Trust, a non-judgemental approach and expertise

I read a great US based study this week that had to do with financial advice and found some bits of it really relevant. "The study cited several attributes that distinguish a remarkable adviser experience from just an acceptable one. “Someone I can fully trust to have my best interests at heart/not just out to sell product” emerged as the leading priority (57%). Other factors included:

  • “Not feeling judged on size of assets/financial decisions” (36%)

  • “Deep expertise across a wide range of financial solutions and strategies” (33%)"

Trust

In my opinion, trust is a process. Trust is earned over time by being reliable, timely in your responses, disciplined, professional and knowing your subject matter thoroughly. Your initial gut response is a good indicator of whether you want to continue your conversations, after meeting with an adviser for the first time. Every time, I have ignored my own intuition in choosing clients to work with, I have made a costly mistake- so it works both ways and as they say, the body never lies.

Not feeling judged

Different advisers do have different minimum asset size thresholds so best to ask this before the meeting, if it is a worry. I enjoy the diversity of working with younger clients who can have a lower asset size, unless they have an inheritance, so I am flexible in this area. Some of my favourite clients also started out with me when they were young and have gone on to be successful so asset size is not a deal breaker, if I really like the client and feel we have a good connection.

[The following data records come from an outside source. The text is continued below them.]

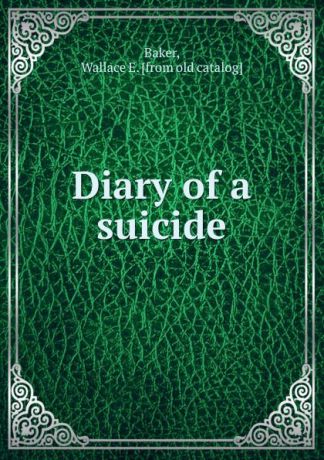 Wallace E. Baker Diary of a suicide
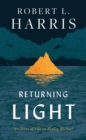 Returning Light : 30 Years of Life on Skellig Michael - eBook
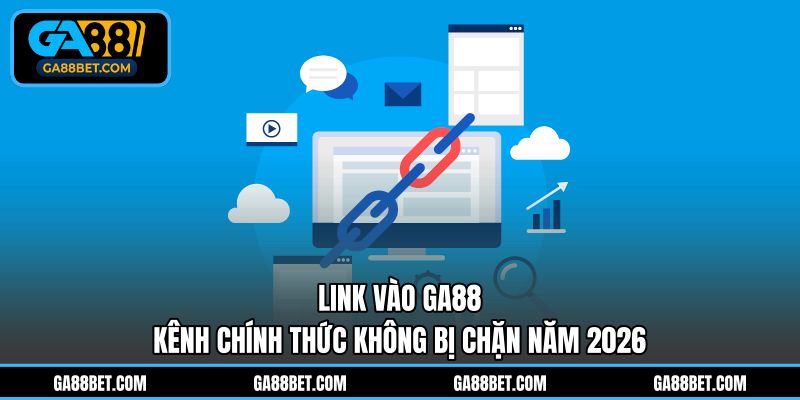 link vào Ga88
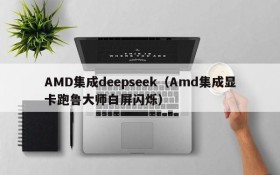 AMD集成deepseek（Amd集成显卡跑鲁大师白屏闪烁）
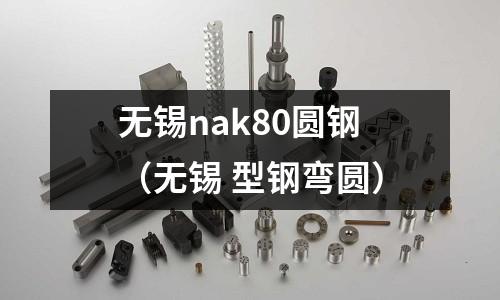 無錫nak80圓鋼（無錫 型鋼彎圓）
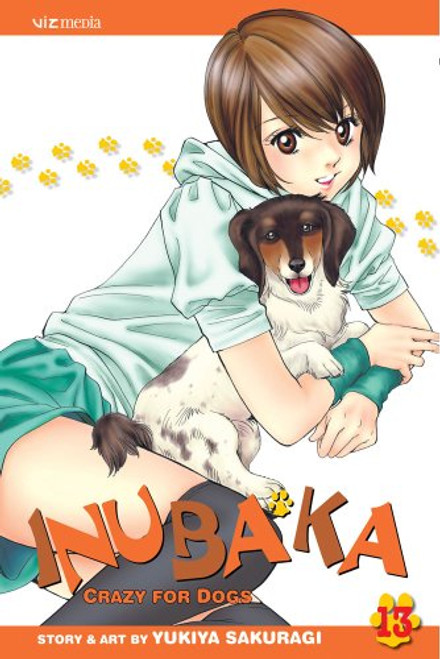 Inubaka: Crazy for Dogs, Vol. 13: Moving Forward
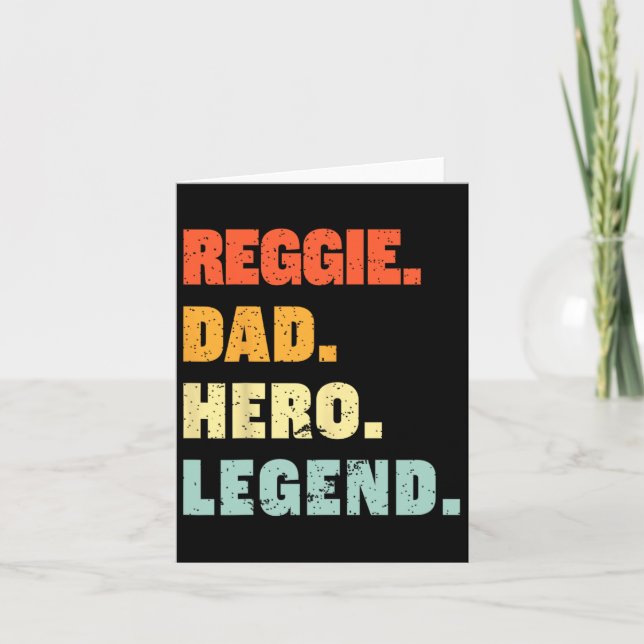 Reggie Dad Hero Legend Personalized Custom Name Fa Card (Front)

It is a fine balance to effectively challenge a client without judgements, review financial priorities at meetings and course correct over time as financial planning is a process. From anecdotal evidence, and conducting several money workshops, I would say it is a huge asset to have someone who offers a relaxed, non-judgemental space for you to talk about your past, present and future financial choices. You might also prefer an adviser who uses anecdotes, stories and light humour rather than technical arguments or factual information which leaves you feeling emotionally disconnected.

Deep expertise

Yes, this one is obvious too. And also, look for expertise in the specific area of financial advice you want - ex. ethical investing or pensions draw down, etc.